根川幸男『移民船から世界をみる-航路体験をめぐる日本近代史』法政大学出版局、2023年8月1日、290+5頁、3800円+税、ISBN978-4-588-60369-3

 「移民」と呼ばれる人のイメージは、時代によってずいぶん違っている。本書に出てくる人びとには目的地があった。いまの「移民」には最終目的地はない。だから、「移民」の定義をする必要がある。著者は、「はじめに」でつぎのように記している。
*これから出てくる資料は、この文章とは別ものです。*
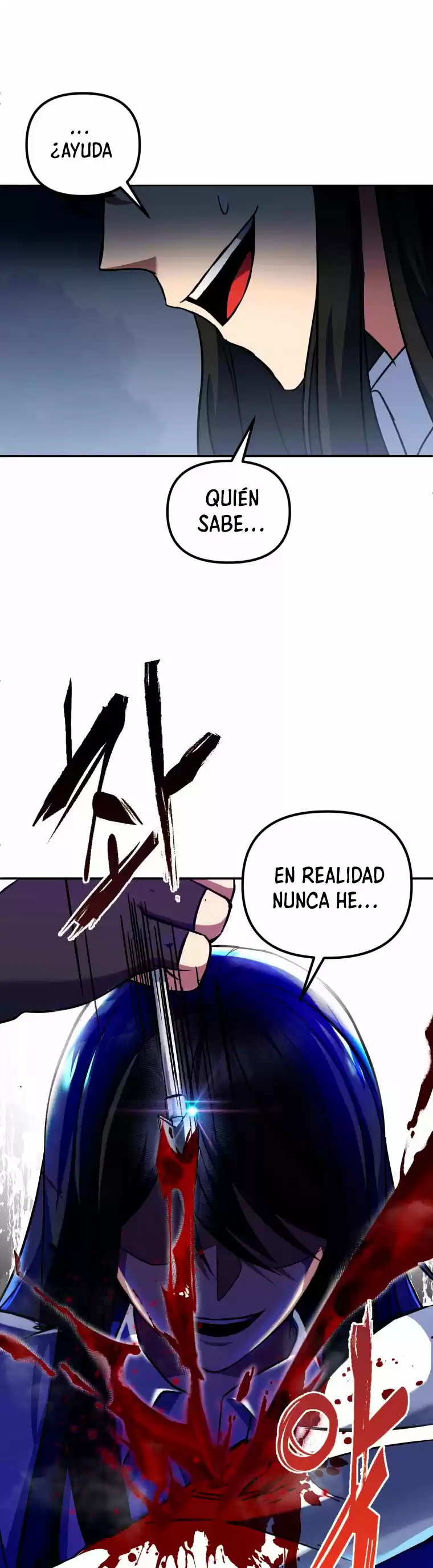 Maxed Out Leveling capítulo 15, página 70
「本書の「移民」の定義については、とりあえず「ある民族や国家の成員が、就業の機会をもとめ、もとの居住地のそとに移住すること、またはその人自身」としておこう」。

 「本書は、主に「移民」と呼ばれた人びとが、どのような船で、どのように海を渡り、「世界」を見聞しつつ、どのように自らの価値観を変えていったのかを、具体的な体験として捉え直そうとするものである。また、目的地の人びとが、「移民」を運んできた船-「移民船」-をどのようにまなざし捉えていたのか、という問題も視野に入れている。さらに、こうした研究にはどのような史資料が残されているのかを紹介し、それらのいくつかの内容を検討する」。
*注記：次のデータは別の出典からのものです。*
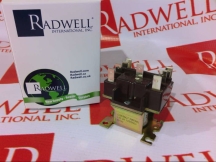 ESSEX 91-172011-19020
 「本書の目的は、移民船をめぐる研究が、送出国(地域)と受入れ国(地域)という移民(史)研究の二大局面の間を越境/トランスする第三の局面として、きわめて重要かつ多くの課題を包含するとともに、その領域を押し拡げる可能性をはらんでいる点を明らかにすることである。また、そうした研究のためには、どのような史資料が活用できるのかを紹介する側面もあわせ持つ」。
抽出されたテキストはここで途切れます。